Sklearn将我们之前自己做的计算欧式距离，然后取离测试数据最近的进行平均值计算这些操作都封装了，并提供了计算误差的函数。

In [17]:
from sklearn.neighbors import KNeighborsRegressor
cols = ['accommodates','bedrooms']
knn = KNeighborsRegressor()
knn.fit(norm_train_df[cols], norm_train_df['price'])   # 找临近值
two_features_predictions = knn.predict(norm_test_df[cols])  # 进行计算

In [18]:
from sklearn.metrics import mean_squared_error

two_features_mse = mean_squared_error(norm_test_df['price'], two_features_predictions)   # 计算误差
two_features_rmse = two_features_mse ** (1/2)
print(two_features_rmse)

0.8426824704818202


如下我们加入更多的特征值

In [19]:
knn = KNeighborsRegressor()

cols = ['accommodates','bedrooms','bathrooms','beds','minimum_nights','maximum_nights','number_of_reviews']

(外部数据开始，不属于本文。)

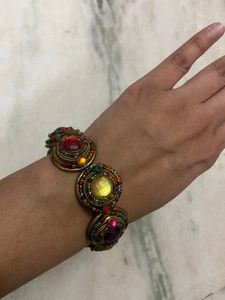 Combo Of Bangle With Lipstick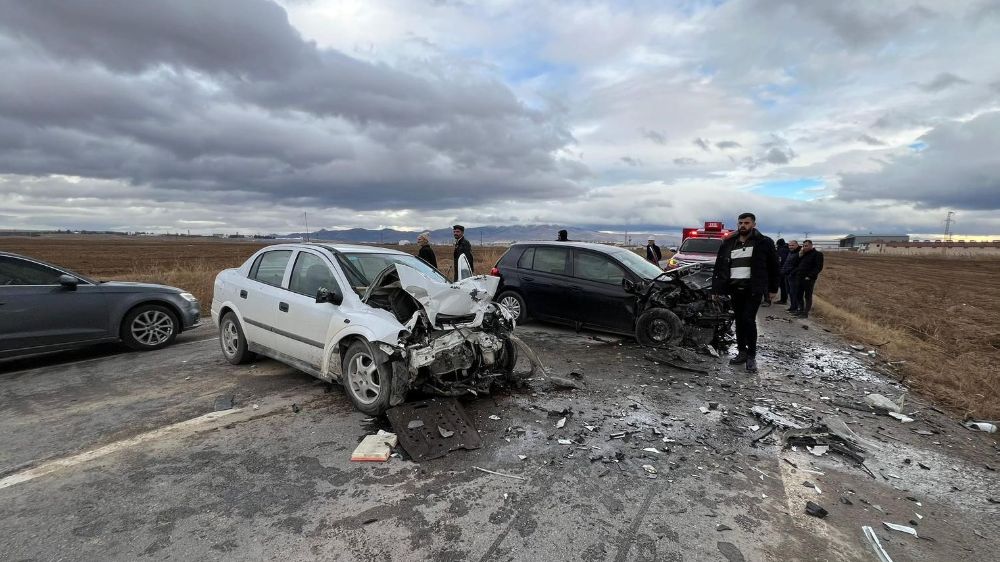 Afyonkarahisar'da feci kaza! Yaşlı çift toprağa verildi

knn.fit(norm_train_df[cols], norm_train_df['price'])  # 找临近值
four_features_predictions = knn.predict(norm_test_df[cols])  # 进行计算
four_features_mse = mean_squared_error(norm_test_df['price'], four_features_predictions)  # 计算误差
four_features_rmse = four_features_mse ** (1/2)
four_features_rmse

0.8243838530880285